Prompt
Every record must be copied exactly.
### Exercise data
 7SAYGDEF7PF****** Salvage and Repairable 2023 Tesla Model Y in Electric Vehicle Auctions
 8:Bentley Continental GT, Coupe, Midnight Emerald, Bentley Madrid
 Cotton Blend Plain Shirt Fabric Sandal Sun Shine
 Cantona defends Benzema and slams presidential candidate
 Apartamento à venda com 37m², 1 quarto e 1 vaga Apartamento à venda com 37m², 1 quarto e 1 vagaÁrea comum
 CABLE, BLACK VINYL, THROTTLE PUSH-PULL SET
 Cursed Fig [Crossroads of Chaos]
######
Expected answer
 7SAYGDEF7PF****** Salvage and Repairable 2023 Tesla Model Y in Electric Vehicle Auctions
 8:Bentley Continental GT, Coupe, Midnight Emerald, Bentley Madrid
 Cotton Blend Plain Shirt Fabric Sandal Sun Shine
 Cantona defends Benzema and slams presidential candidate
 Apartamento à venda com 37m², 1 quarto e 1 vaga Apartamento à venda com 37m², 1 quarto e 1 vagaÁrea comum
 CABLE, BLACK VINYL, THROTTLE PUSH-PULL SET
 Cursed Fig [Crossroads of Chaos]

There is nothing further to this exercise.